▶ Exercise details: Pictures stay out. All the rest of the records must be repeated exactly.

▽

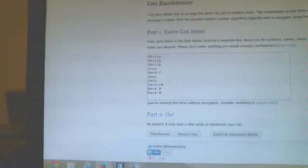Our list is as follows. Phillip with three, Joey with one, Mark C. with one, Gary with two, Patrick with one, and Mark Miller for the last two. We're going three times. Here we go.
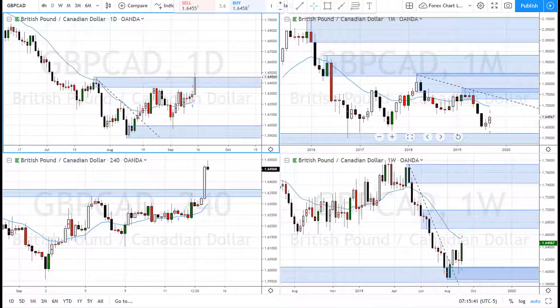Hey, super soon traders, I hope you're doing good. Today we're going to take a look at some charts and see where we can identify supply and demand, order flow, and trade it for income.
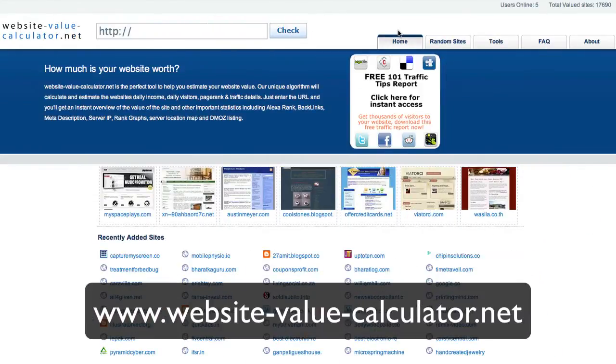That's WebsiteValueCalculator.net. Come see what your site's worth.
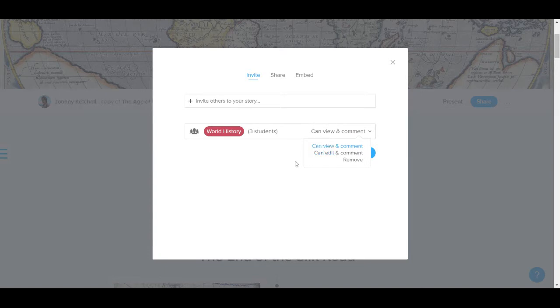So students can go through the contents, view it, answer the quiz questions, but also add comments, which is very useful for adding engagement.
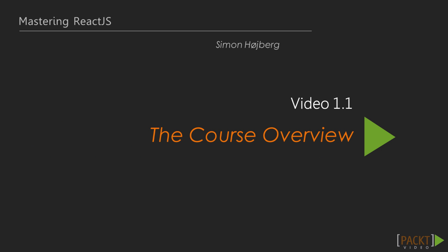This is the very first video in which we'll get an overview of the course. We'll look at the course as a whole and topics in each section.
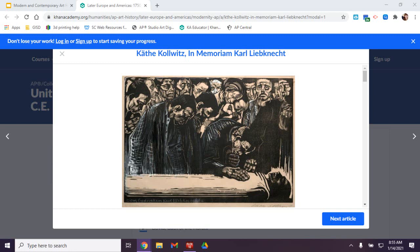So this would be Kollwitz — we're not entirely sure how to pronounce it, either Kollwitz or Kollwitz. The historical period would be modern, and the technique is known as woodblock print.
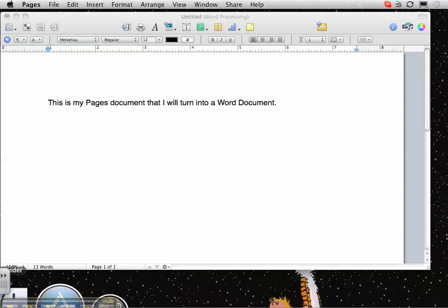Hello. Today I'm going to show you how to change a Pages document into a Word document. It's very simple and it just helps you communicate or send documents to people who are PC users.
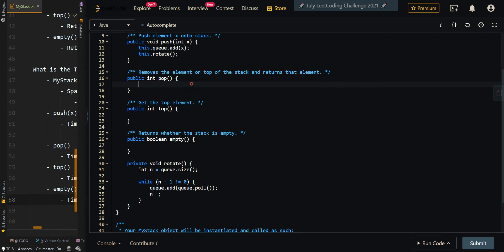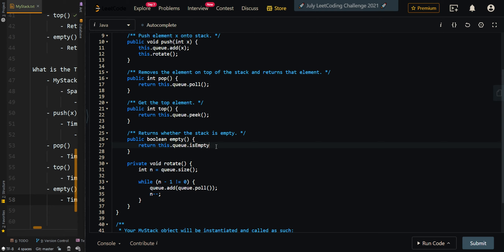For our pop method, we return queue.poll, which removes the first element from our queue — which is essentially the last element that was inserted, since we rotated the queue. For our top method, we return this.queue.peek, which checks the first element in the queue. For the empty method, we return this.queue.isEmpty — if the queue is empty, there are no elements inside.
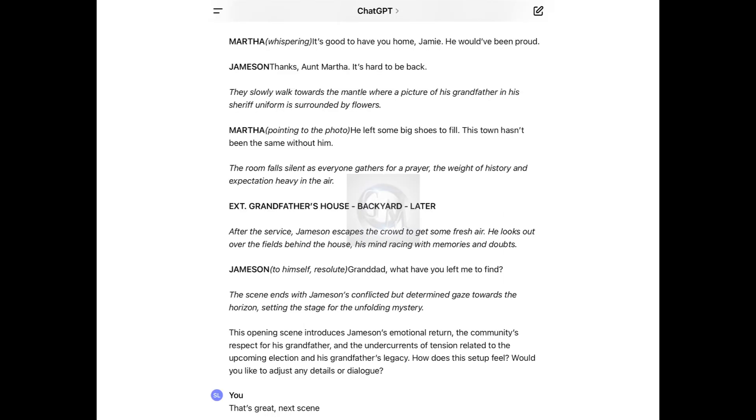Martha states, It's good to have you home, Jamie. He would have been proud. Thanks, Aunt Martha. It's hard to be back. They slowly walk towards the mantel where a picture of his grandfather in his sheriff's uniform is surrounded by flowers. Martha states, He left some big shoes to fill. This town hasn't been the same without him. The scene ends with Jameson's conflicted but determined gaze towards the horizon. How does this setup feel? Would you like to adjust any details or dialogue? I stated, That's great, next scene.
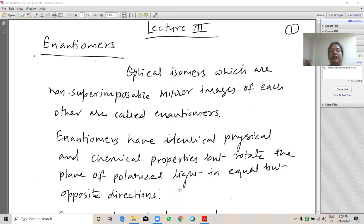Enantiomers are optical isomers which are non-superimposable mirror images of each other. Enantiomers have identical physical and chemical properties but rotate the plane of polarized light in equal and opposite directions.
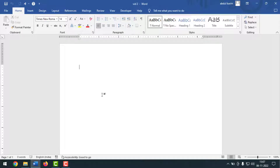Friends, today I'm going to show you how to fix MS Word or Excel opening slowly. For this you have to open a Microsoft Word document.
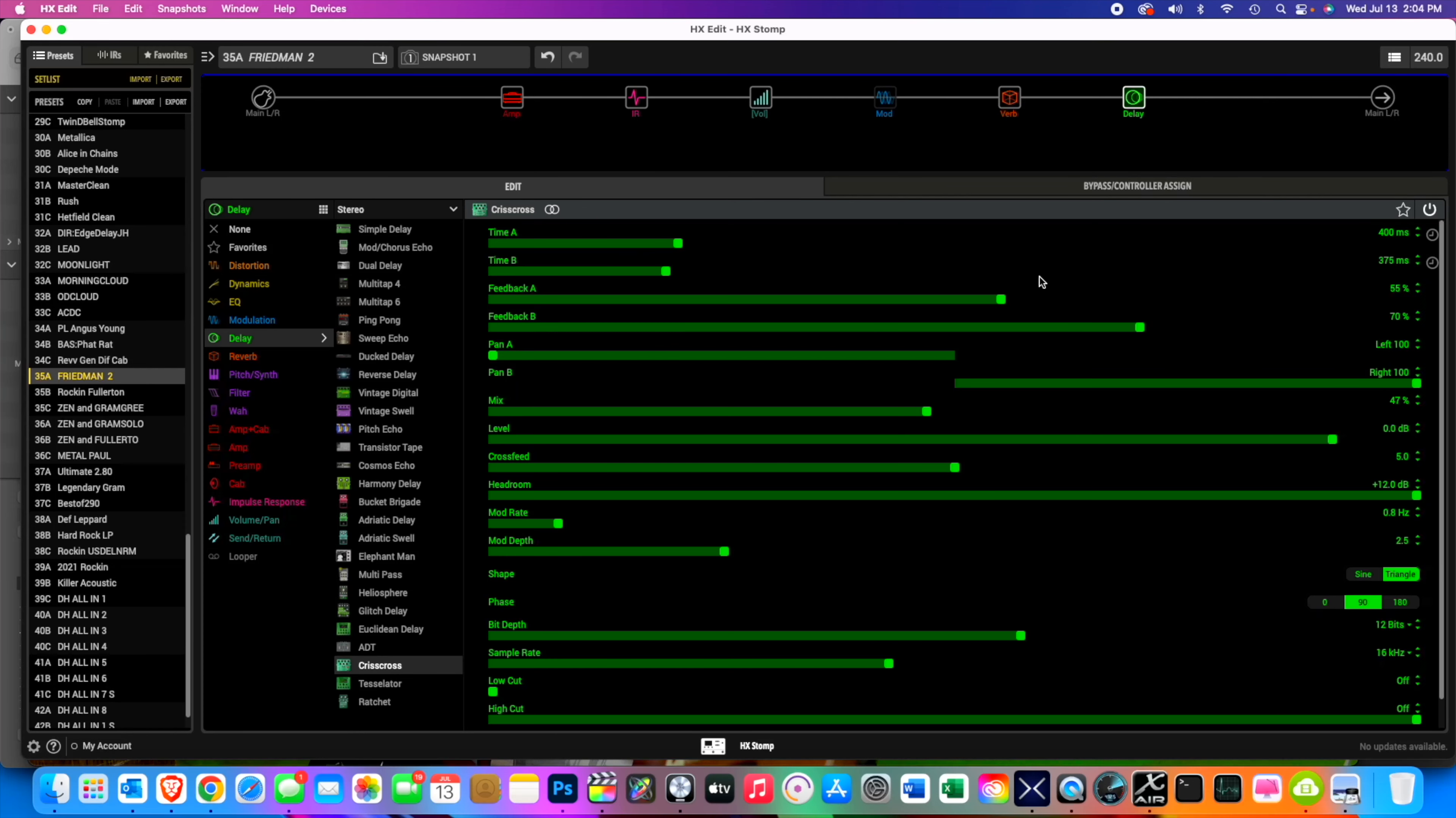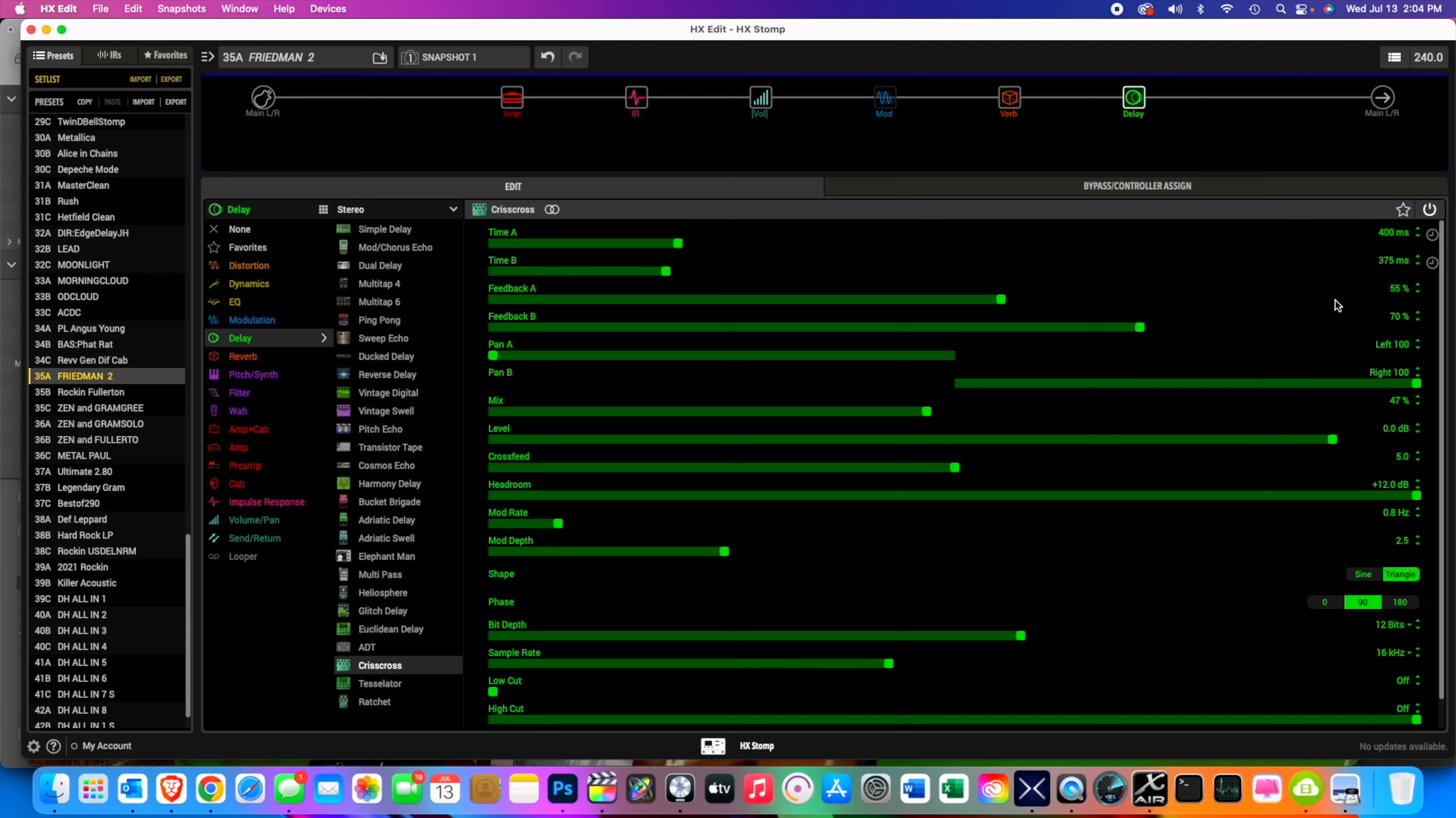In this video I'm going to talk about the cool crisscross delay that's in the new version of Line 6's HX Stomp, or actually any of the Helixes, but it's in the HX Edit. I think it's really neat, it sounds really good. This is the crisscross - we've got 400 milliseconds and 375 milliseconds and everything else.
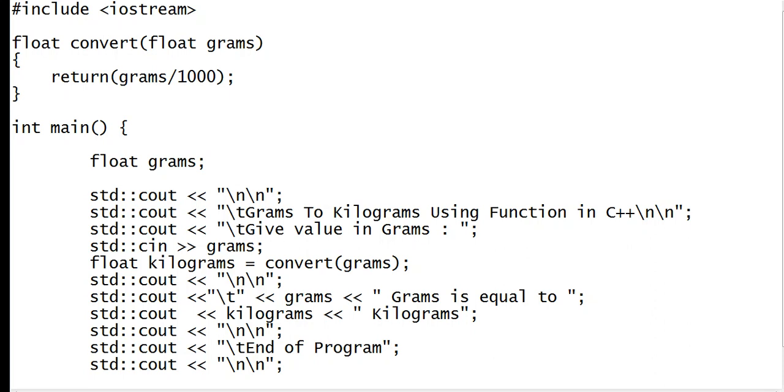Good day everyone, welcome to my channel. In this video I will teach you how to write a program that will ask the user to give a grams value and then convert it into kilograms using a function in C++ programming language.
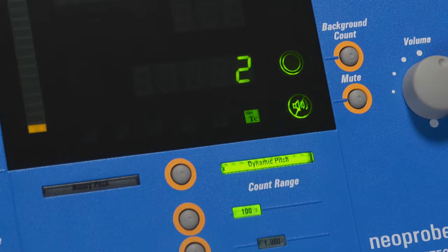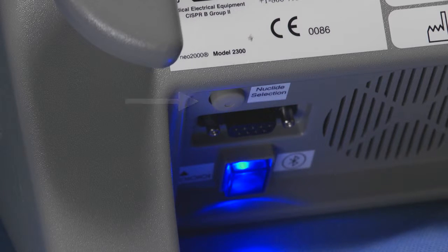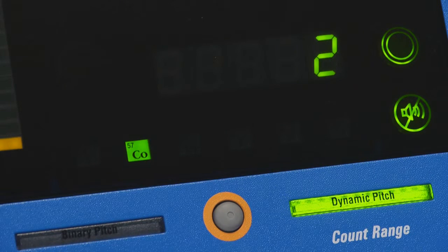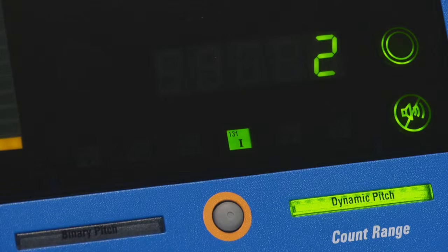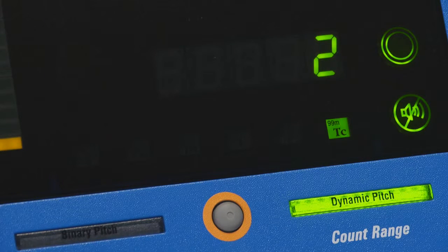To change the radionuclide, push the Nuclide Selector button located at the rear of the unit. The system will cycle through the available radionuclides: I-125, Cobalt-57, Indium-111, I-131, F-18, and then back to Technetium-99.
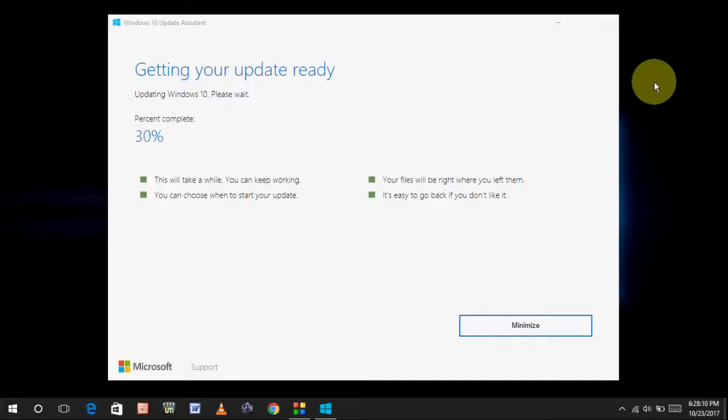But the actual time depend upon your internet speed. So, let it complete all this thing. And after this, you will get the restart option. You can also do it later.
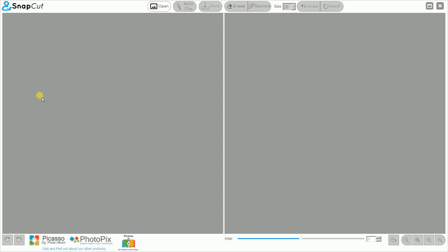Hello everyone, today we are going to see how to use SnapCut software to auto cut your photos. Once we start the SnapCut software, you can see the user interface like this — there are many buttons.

△

▶ The completed task:
Our list is as follows. Phillip with three, Joey with one, Mark C. with one, Gary with two, Patrick with one, and Mark Miller for the last two. We're going three times. Here we go.
Hey, super soon traders, I hope you're doing good. Today we're going to take a look at some charts and see where we can identify supply and demand, order flow, and trade it for income.
That's WebsiteValueCalculator.net. Come see what your site's worth.
So students can go through the contents, view it, answer the quiz questions, but also add comments, which is very useful for adding engagement.
This is the very first video in which we'll get an overview of the course. We'll look at the course as a whole and topics in each section.
So this would be Kollwitz — we're not entirely sure how to pronounce it, either Kollwitz or Kollwitz. The historical period would be modern, and the technique is known as woodblock print.
Hello. Today I'm going to show you how to change a Pages document into a Word document. It's very simple and it just helps you communicate or send documents to people who are PC users.
For our pop method, we return queue.poll, which removes the first element from our queue — which is essentially the last element that was inserted, since we rotated the queue. For our top method, we return this.queue.peek, which checks the first element in the queue. For the empty method, we return this.queue.isEmpty — if the queue is empty, there are no elements inside.
Martha states, It's good to have you home, Jamie. He would have been proud. Thanks, Aunt Martha. It's hard to be back. They slowly walk towards the mantel where a picture of his grandfather in his sheriff's uniform is surrounded by flowers. Martha states, He left some big shoes to fill. This town hasn't been the same without him. The scene ends with Jameson's conflicted but determined gaze towards the horizon. How does this setup feel? Would you like to adjust any details or dialogue? I stated, That's great, next scene.
Enantiomers are optical isomers which are non-superimposable mirror images of each other. Enantiomers have identical physical and chemical properties but rotate the plane of polarized light in equal and opposite directions.
Friends, today I'm going to show you how to fix MS Word or Excel opening slowly. For this you have to open a Microsoft Word document.
In this video I'm going to talk about the cool crisscross delay that's in the new version of Line 6's HX Stomp, or actually any of the Helixes, but it's in the HX Edit. I think it's really neat, it sounds really good. This is the crisscross - we've got 400 milliseconds and 375 milliseconds and everything else.
Good day everyone, welcome to my channel. In this video I will teach you how to write a program that will ask the user to give a grams value and then convert it into kilograms using a function in C++ programming language.
To change the radionuclide, push the Nuclide Selector button located at the rear of the unit. The system will cycle through the available radionuclides: I-125, Cobalt-57, Indium-111, I-131, F-18, and then back to Technetium-99.
But the actual time depend upon your internet speed. So, let it complete all this thing. And after this, you will get the restart option. You can also do it later.
Hello everyone, today we are going to see how to use SnapCut software to auto cut your photos. Once we start the SnapCut software, you can see the user interface like this — there are many buttons.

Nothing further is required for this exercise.